Every movement in every moment felt like a losing battle against a strong and violent wind. Strangely, time felt as though it had been sped up and slowed down all at once. We tumbled outside, desperate to get as far away from the school as possible. We ran furiously through the surrounding neighborhood, jumping fences in a panic, pounding on windows and doors, “please help, let us in, call 911!”
Then there was the aftermath of the Columbine mass shooting. The death toll was the beginning of a long list of horrors that followed. Within hours the whole country knew the sickening facts: 13 students dead, one teacher and more than 20 wounded. I soon learned that I was on the hit list for being Muslim. I was so young then and, in many ways, naive. It was the first time I had ever dealt with racism. With everything I’ve been through now, I still have a difficult time wrapping my head around the ways in which prejudices poison the lives of people all over the world.
Even so, I don’t accept that racism or other prejudices have to be a part of our day-to-day lives. We already have the tools and answers within us to combat racism, hatred and ignorance. Just like an athlete trains daily for competition, so too can we train our minds to find balance, healing, empathy and understanding.
What I know with certainty is that I can help others, who have also suffered trauma including PTSD, find healing by sharing my insights. Here are five powerful lessons I learned from surviving the Columbine mass shooting.
Lesson 1–To practice radical self-love rather than project your own insecurities on others. Believe in yourself, in others and in the Universe, even though at times that belief may feel inauthentic. I promise you, it’s not. It is likely doubt or fear trying to take over, which is completely normal. But the more you can consistently practice self-love and envision yourself at your highest form, the more you will encounter opportunities to thrive.

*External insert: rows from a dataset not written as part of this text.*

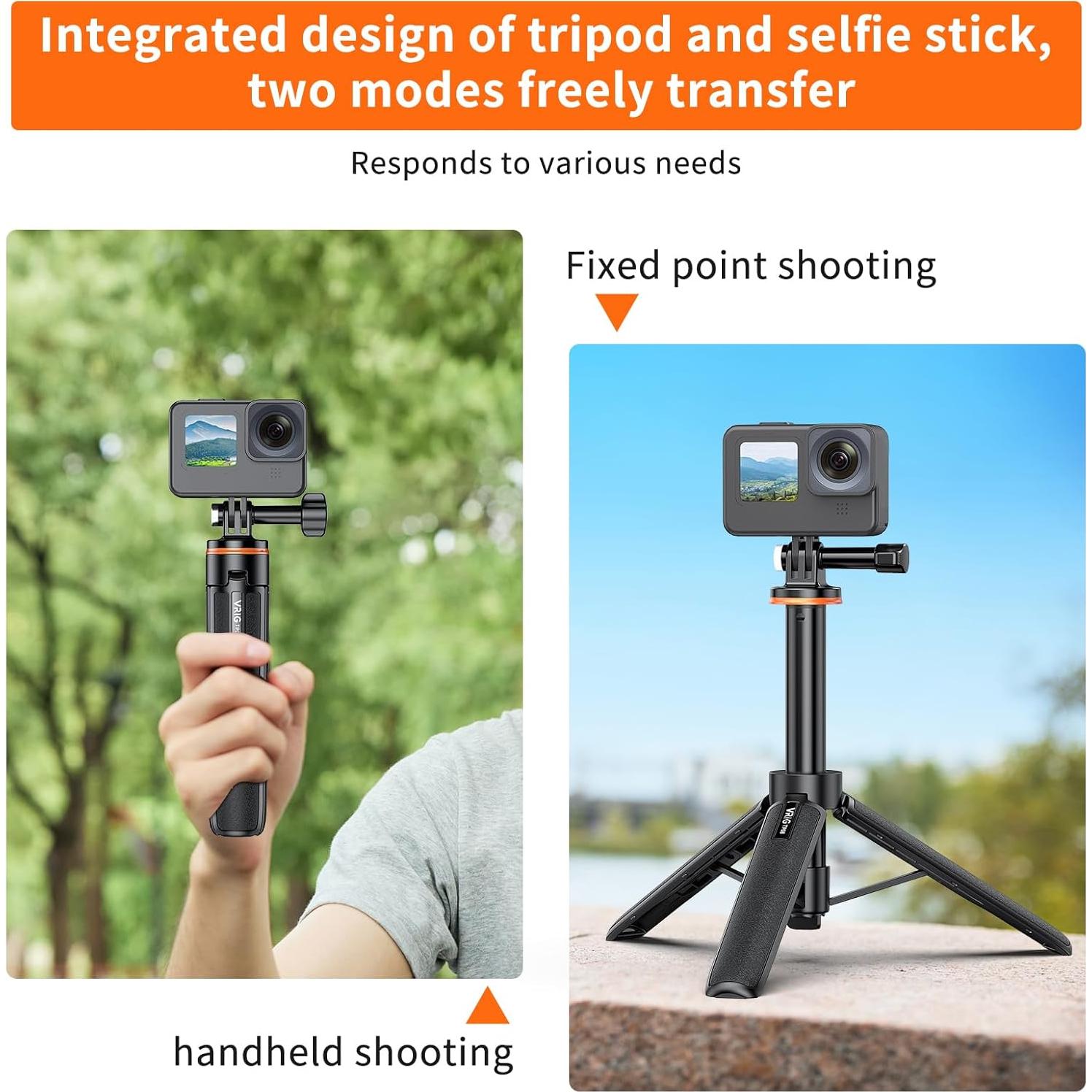 Trípode Extensible Portátil VRIG TP-08 para GoPro 51cm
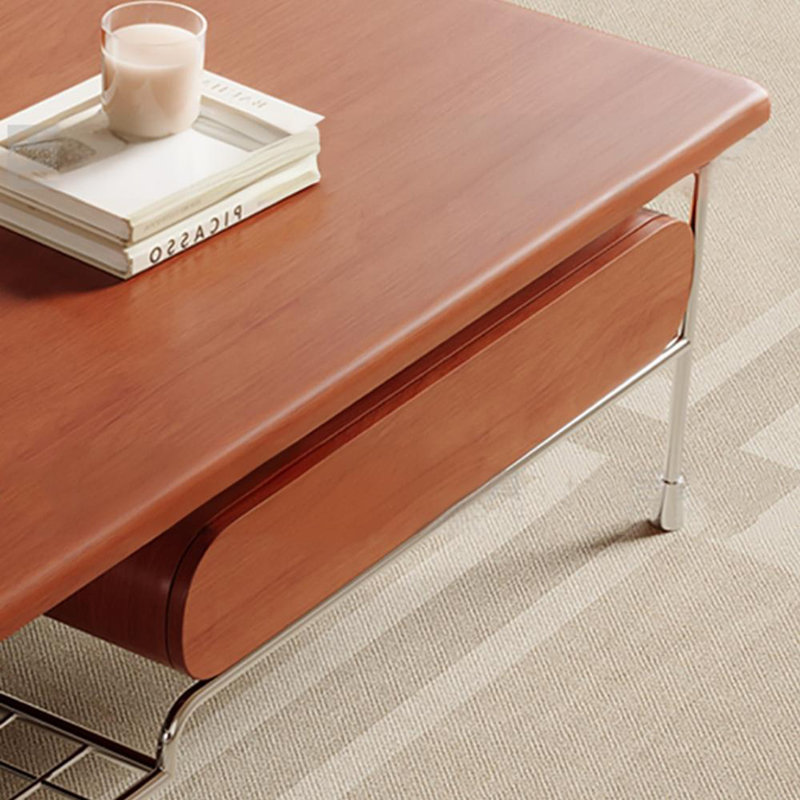 Rectangular stainless steel coffee table, 15.7" H x 51.2" L x 27.6" W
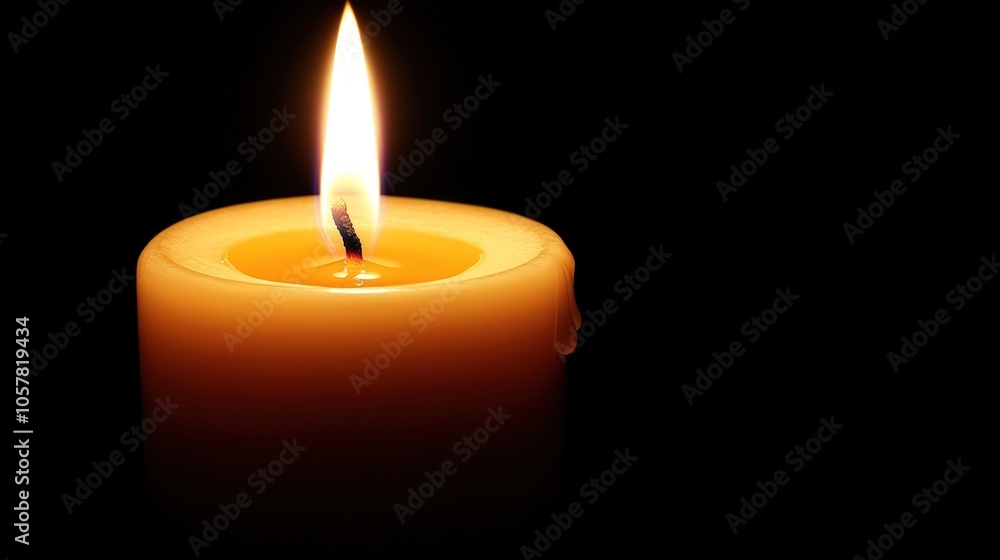 A single candle flame burning brightly against a dark background. A single candle flame burning brightly against a dark background.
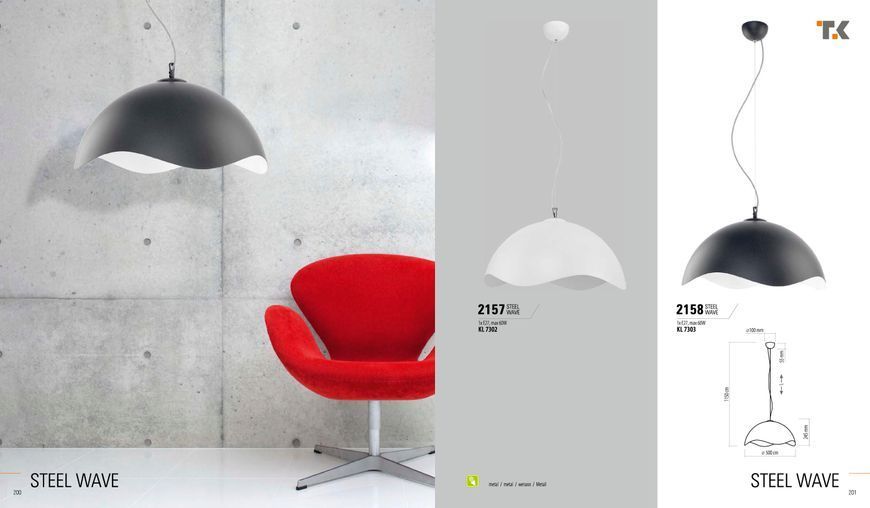 Підвісний світильник TK Lighting 2157 STEEL WAVE 2157 фото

Lesson 2–To embrace growth rather than be a victim of circumstance. Instead, ask yourself: how can I grow from this experience? What can I learn?
Lesson 3–To practice gratitude as often as possible because a long life is not guaranteed. Each day offers an opportunity to be grateful not only for life but for the people who encircle us and all the things we have that make our lives enjoyable. Life is truly a gift available for us to delight in every day that we have on this earth.

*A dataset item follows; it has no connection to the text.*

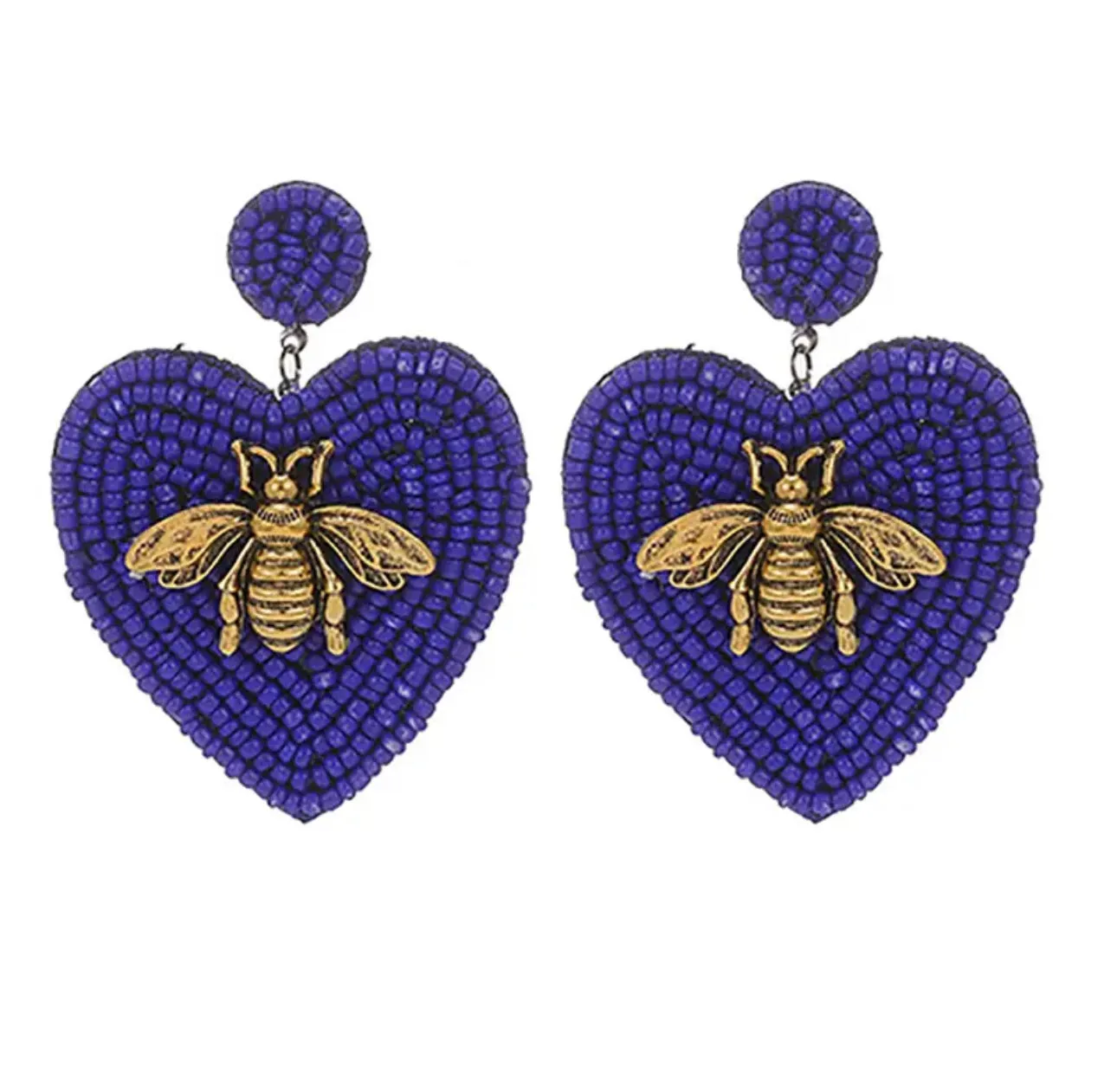 Beaded Heart Earrings with a Golden Bee 230-13 | Erika Williner Designs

Lesson 4–To let go of all judgment because you never know what someone else is going through. Those who cross paths with you are like lights to guide you to new insights and vision. Lean into the light to find the path toward healing.
Lesson 5–To be kind in absolutely every interaction. Because kindness toward others reveals how kind you are to yourself–and it feels so good!
If we continue to form or reinforce borders between one another due to ethnicity, religion, social class or political regimes, we end up missing one of the most important reasons why we were divinely created–to interconnect and evolve.
To those who passed away during the Columbine mass shooting, my heart will always be with you. To those who survived, my hope is that you continuously strive to be the best version of yourself possible–because you were meant to impact others with your story and your light.